Poet Ogden Nash quipped, “Candy’s dandy but liquor’s quicker,” however the latter doesn’t apply to the making of barreled spirits. John Mendel, a former automotive executive, can testify to that.
After more than 40 years in the auto industry, Mendel retired in 2017 as executive vice president of American Honda’s automotive division. The year before, he founded Devils Creek Distillery in his hometown of Mammoth Lakes, CA, south of Yosemite National Park.
He, his wife Luan and their two sons run the place. Mendel still is an automotive consultant. He recently served as chairman of the annual Automotive Consumer Experience Summit in Marina Del Rey, CA. (John Mendel, left)
At that conference, Mendel tells Wards about his spirited initiative of making small-batch liquor in retirement.
Wards: You had a great run at Honda. Now you are doing something completely different. Talk about that.
Mendel: As I was contemplating chapter two, we researched different areas and it evolved to craft distilling. One thing led to another and we started a family enterprise with my two sons, one who lives in Australia the other who lives in Mammoth Lakes.
We thought distilling would be interesting because of the craft part of it. We’re passionate about barrel-aged spirits. We’re producing a bourbon, rye and rum, with other products to come. We’ve put about 50 barrels up already.
We began selling our product in October. We opened a tasting room up there. World headquarters is about 1,200 sq. ft., (115 sq. m) consisting of production space and a business part. We’re having fun doing it. We’re doing a lot of educating and bonding with customers.
Wards: It’s ironic to go from a company that mass-produces vehicles to this low-volume business.
Mendel: It was just coincidental. But the piece for me really is about engaging customers. I learned a lot about that from Honda. Clearly, it’s about having a great product and a great story where the passion comes through. That’s starting to pay off for us.

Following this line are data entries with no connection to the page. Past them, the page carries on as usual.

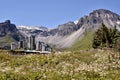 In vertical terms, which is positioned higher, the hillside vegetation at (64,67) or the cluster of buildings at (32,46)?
the cluster of buildings at (32,46)

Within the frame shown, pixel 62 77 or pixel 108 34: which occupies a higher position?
pixel 108 34

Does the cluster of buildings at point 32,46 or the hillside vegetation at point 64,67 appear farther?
the cluster of buildings at point 32,46

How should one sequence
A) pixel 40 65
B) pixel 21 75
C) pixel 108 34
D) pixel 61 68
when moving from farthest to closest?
pixel 108 34 → pixel 40 65 → pixel 61 68 → pixel 21 75

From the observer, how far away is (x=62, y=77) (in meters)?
26.2

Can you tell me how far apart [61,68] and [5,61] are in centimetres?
724

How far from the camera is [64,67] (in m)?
31.0

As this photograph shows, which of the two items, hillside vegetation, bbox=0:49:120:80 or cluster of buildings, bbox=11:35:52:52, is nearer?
hillside vegetation, bbox=0:49:120:80

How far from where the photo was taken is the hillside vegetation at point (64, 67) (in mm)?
26156

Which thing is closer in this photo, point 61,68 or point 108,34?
point 61,68

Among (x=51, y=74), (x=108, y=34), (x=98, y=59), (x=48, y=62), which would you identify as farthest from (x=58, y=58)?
(x=108, y=34)

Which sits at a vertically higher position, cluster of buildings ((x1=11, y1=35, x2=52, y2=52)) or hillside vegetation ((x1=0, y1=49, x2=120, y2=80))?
cluster of buildings ((x1=11, y1=35, x2=52, y2=52))

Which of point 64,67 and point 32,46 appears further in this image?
point 32,46

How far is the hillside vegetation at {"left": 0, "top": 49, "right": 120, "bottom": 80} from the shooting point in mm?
26156

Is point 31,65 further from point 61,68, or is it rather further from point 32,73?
point 32,73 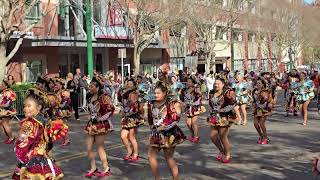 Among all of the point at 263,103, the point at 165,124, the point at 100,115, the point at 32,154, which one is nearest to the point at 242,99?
the point at 263,103

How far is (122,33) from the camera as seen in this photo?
3044 centimetres

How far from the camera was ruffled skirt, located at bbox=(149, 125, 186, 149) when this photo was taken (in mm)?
7457

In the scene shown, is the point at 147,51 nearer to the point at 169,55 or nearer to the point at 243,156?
the point at 169,55

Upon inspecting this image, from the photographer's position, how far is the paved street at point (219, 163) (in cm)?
870

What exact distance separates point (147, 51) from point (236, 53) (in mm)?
16737

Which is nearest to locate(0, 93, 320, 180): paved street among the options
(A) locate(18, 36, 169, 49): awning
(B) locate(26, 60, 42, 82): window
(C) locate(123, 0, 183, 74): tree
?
(A) locate(18, 36, 169, 49): awning

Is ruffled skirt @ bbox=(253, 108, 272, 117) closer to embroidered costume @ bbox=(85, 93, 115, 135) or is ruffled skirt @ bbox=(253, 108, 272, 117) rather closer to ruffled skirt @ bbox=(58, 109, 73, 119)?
embroidered costume @ bbox=(85, 93, 115, 135)

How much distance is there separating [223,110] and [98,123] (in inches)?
94.8

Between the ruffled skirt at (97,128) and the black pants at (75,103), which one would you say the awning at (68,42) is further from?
the ruffled skirt at (97,128)

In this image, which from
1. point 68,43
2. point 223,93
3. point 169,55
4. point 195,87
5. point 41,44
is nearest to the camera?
point 223,93

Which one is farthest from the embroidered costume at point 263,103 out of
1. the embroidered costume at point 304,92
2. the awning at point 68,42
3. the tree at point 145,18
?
the tree at point 145,18

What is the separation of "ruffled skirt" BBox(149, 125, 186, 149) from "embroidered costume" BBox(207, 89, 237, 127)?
7.48 feet

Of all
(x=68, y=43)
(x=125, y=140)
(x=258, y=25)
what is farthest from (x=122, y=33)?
(x=125, y=140)

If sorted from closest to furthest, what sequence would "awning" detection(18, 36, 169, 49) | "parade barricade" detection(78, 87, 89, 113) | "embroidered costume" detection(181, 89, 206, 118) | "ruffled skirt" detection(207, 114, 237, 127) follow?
"ruffled skirt" detection(207, 114, 237, 127) → "embroidered costume" detection(181, 89, 206, 118) → "parade barricade" detection(78, 87, 89, 113) → "awning" detection(18, 36, 169, 49) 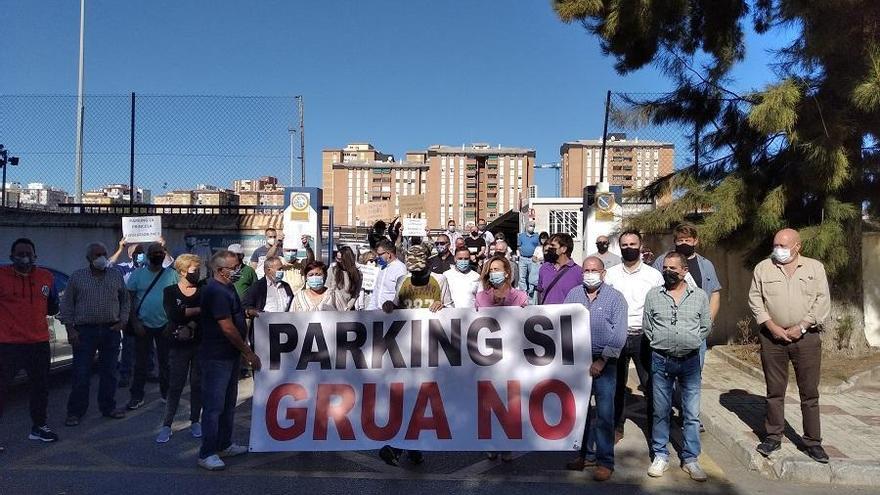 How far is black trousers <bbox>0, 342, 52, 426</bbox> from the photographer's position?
248 inches

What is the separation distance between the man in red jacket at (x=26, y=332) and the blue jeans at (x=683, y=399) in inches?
211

Wards: What cross-over attributes do you bring from Honda?
Mendel: That intense focus on the customer, where the customer is but kind of a god. Because ultimately, we live and die by what the customer decides to do with your brand.
Let’s face it, there’s no shortage of competition out there. Jim Beam and Jack Daniels can rest quietly in their graves; we’re not going after them.
We are small but excel at what we do. Our first product – a bourbon – at one year old just won a bronze medal at a craft distilling convention against a seven- and nine-year-old in first and second place. We were happy with third, but we’re going for No.1.
We’ve got several more barrels up that will go longer than a year. We’re being rewarded by what customers tell us. That intense focus on the customer is what I brought from automotive. The customer will make or break you. You can only fool them once. When you are selling a high-end craft spirit, they have high expectations.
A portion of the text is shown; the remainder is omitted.